SCOTUS
What Does Justice Sotomayor Like Most About Helping Terrorist Groups?
Keith Thompson Monday, 21 June 2010 13:44
The Supreme Court rules that giving material support to terrorists belongs in the same category as shouting "Fire!" in a crowded theater. In other words, neither constitutes "protected speech." Justice Thompson's one-word concurring opinion: "Duh." Note: The Court upheld the constitutionality of a particular provision of the Patriot Act. Which is different from whether some or all members of the Court would have voted for that provision of the Patriot Act if they were ... legislators, which they are not. Don't agree with that provision of the Patriot Act? Fine, go lobby Congress.

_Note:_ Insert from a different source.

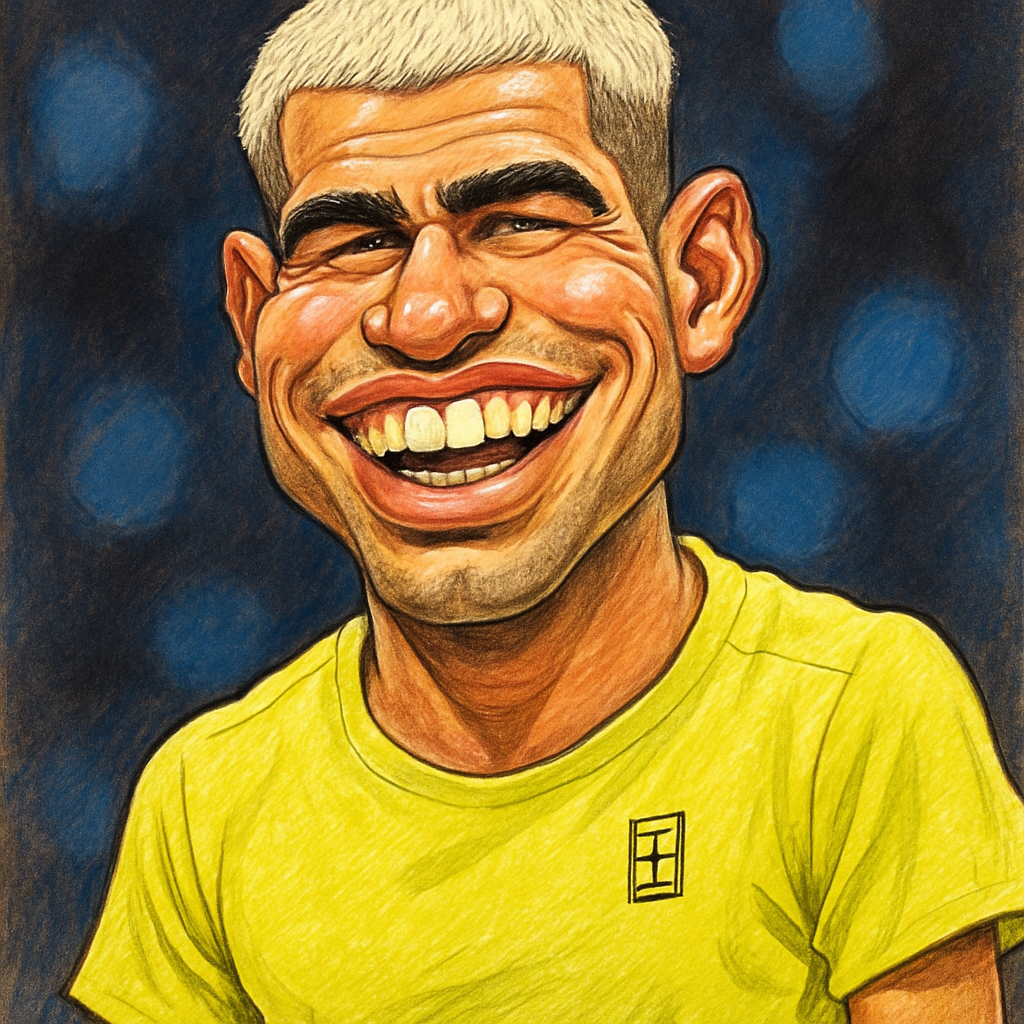 Alcaraz quizzed about his relationship status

Ann Coulter (University of Michigan Law School graduate before going on to clerk, in Kansas City, for Pasco Bowman II of the United States Court of Appeals for the Eighth Circuit), puts the lie to Justice Steven's ridiculous assertion that he, Stevens, didn't move left during his tenure on SCOTUS — no, the Court moved to the right while he didn't change much. Coulter demonstrates Stevens' fetish for pretending to protect us all from the state establishment of religion, while in fact establishing himself as "the most fanatically anti-religious justice in modern times."

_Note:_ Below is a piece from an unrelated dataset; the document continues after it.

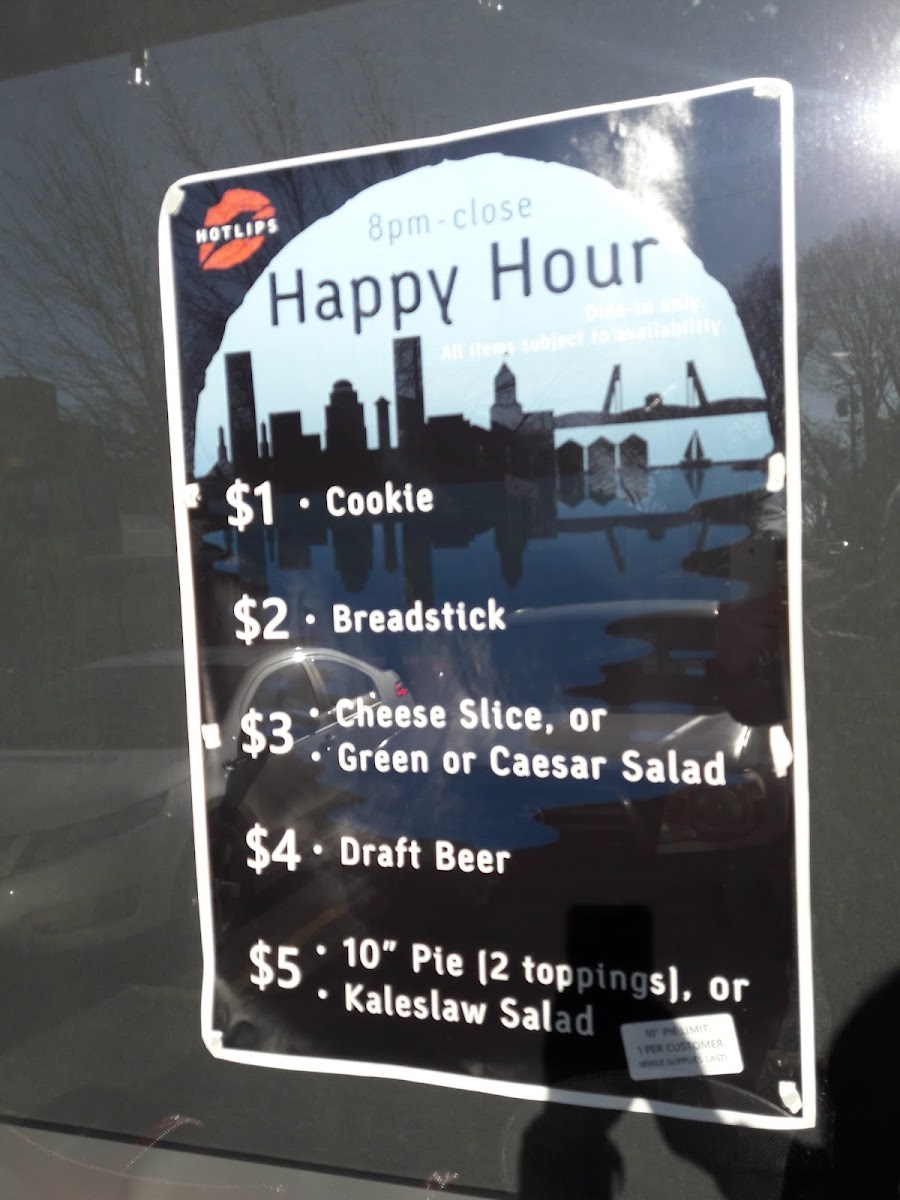 Menu Hotlips Pizza - Hawthorne-7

He has long found any religious practice not crushed by the government to be an "establishment of religion."
In the 1989 abortion case, Webster v. Reproductive Health Services, for example, Stevens argued that a state law that defined life as beginning at conception violated the First Amendment by -- yes, establishing a religion. The abortion law, he said, gave "a theological answer to the question of when life begins." (You've all heard of the First Church of When Life Begins, United, haven't you?)
Fortunately, Stevens didn't read far enough to see that the Bible also condemns murder generally, or he might have voted to strike down all laws against murder.